Kur’an’da vefatın, her nefsin ölümü tadacağı biçimde ifade edilişi duraksamanın değil de bir hareketliliğin var olduğu manasına gelmesi bu heyecanın ana eksenini oluşturur. Haliyle bu duraksamama eylemini ahiretin varlığına bir delil olarak görür bu insanlar. Ölüm, yaşayanların bu dünyadaki bedensel sonunu ifade eder. Ayette vefatın, 'her nefsin öleceği' biçimde değil de bunun yerine 'her nefsin ölümü tatması' olarak terennüm edilişi hayatın ölümle sonlanmadığını gösterir bize. Ölüm bir evreyse o evreyi tadan nefisler yoluna devam edecek demektir; ölmekle çakılıp kalmayacaklardır. İnkâr edenler ölümle çakılmayı anladıkları için yaşadıkları çıkmazların sonu gelmemektedir.
Ölümden sonraki hayatın var olduğu fikrinin insanı ebedi ıstıraptan kurtarması için bunun inanç halini alması gerektiğini bilir bu insanlar. Mesela imanın altı şartından biri ahirete inanmaktır. Bu inanç imanın olmazsa olmazlarındandır.
Ahiret inancı eylemlerimizin sonucunun masaya yatırıldığı yer olması itibariyle önem arz eder bu insanların nezdinde.
Şöyle düşünür bir an bu insanlar;
Sınava hazırlanan öğrencinin hedefi dünyada yaşadıkları sürece geliri tüksek bir mesleğe atılmasıdır. Bu yolun da iyi bir üniversiteyi okumaktan geçtiğini, haliyle sınavdan yüksek bir puan almasının gerekli olduğunu bilir.
Sınav hazırlığına bakılırsa bu durum her ne kadar öğrencilerin son sınıfa geldiklerinde daha belirgin bir hal alsa da aslında sınava hazırlanışın öğrencide doğumundan itibaren başladığını kabul ederler. Ana sınıf ve ana okuldan başlayan hazırlığın formel biçiminden önceki ebeveynli dönemler de bu hazırlık dönemine dahil olduğu için sınava hazırlık doğumlarından itibaren başlamış olur.
Ahiret yurdunun ilk oturum sınavı kabir suallerinden oluşur. İkinci oturumuysa mahşerdedir.

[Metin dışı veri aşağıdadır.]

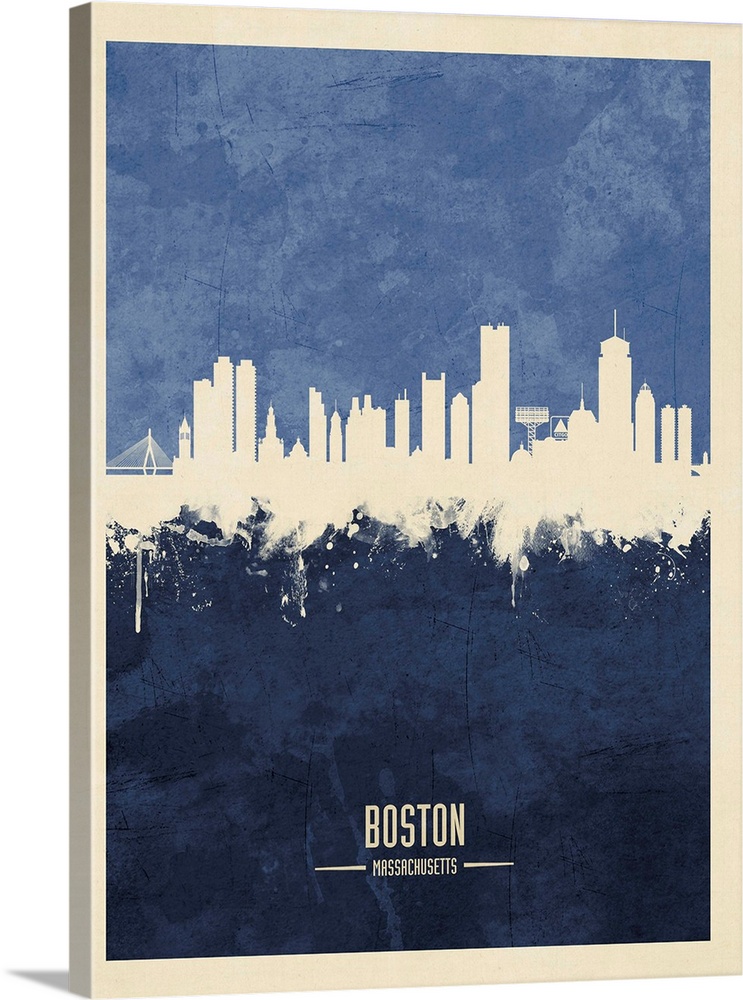 Watercolor art print of the skyline of Boston, Massachusetts, United States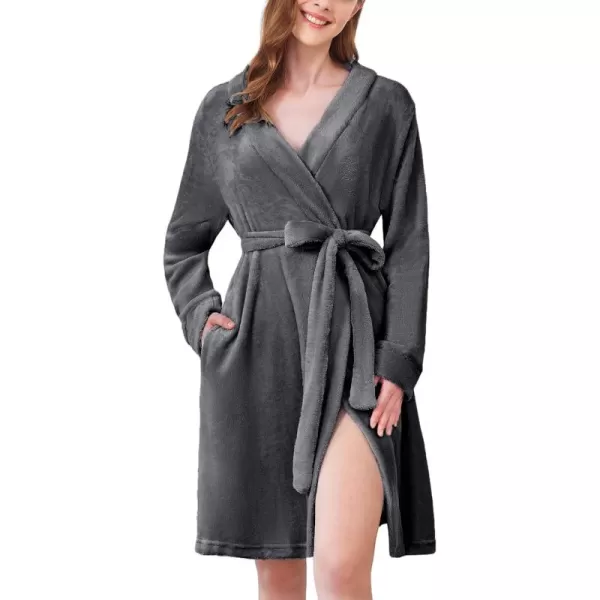 imageEkouaer Womens Plush Robes Soft Bathrobe Knee Length Warm Soft Robe Fleece Loungewear with Pockets SXXLZ Grey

Bizim için sonsuza dek sürecek mutluluk dolu bir hayatla, hüsranla geçecek bir hayatın belirleneceği bir sınavdır mahşerde karşılaşacağımız sınav.
Ölüm vaazı bize bu büyük sınavı hatırlatır. Tabiri caizse kafayı çalıştıran bu sınavın hazırlığı derdine düşer. Zararın neresinden dönülürse kardır düsturunca geçmişindeki başarısızlıkları düşünmeden kafasının dank ettiği yerden sınava hazırlanmayı ciddiye alan öğrenci gibi kolları sıvar, şuura dönüşen bilincini kullanarak kulluğun gereklerini o an yerine getirmeye başlar.
Eğitimde, bilinçli çalışması sonucu emsalleriyle giriştiği yarışta mezuna kalmış nice öğrencinin geçmişindeki eksiklikleri kendisinin gidermesiyle ipi göğüsleyiş hikâyeleri mevcuttur.
Ahiret sınavına hazırlanma bilinciyle hareket eden bir kimsenin o andan itibaren geçmişindeki aksaklıkları gidermesi, asla mezuna kalmış öğrencinin geriye dönüp eksikliklerini gidermesi gibi değildir. Bilakis edeceği bir tövbe ile geçmişe dönük tüm aksaklıklarının giderilmiş olması büyük bir avantaj taşır bu insanlar için. İşte buna Allah'ın rahmeti ve merhameti denir.
Bizi ebedi bir huzura kavuşturacak sınavın;
Birinci konusu imandır.
İkinci konusu ameldir.
Üçüncü konusu da güzel ahlaktır.
Hazırlık konuları Kur'an'da; hazırlık testleri de sünnet-i seniyyede mevcuttur.
Kurslar günde beş kez camilerde verilir. Testler hayatın her alanındaki davranışlarla yapılır.
Görüldüğü gibi ne bir belirsizlik ne de bir zorluk var.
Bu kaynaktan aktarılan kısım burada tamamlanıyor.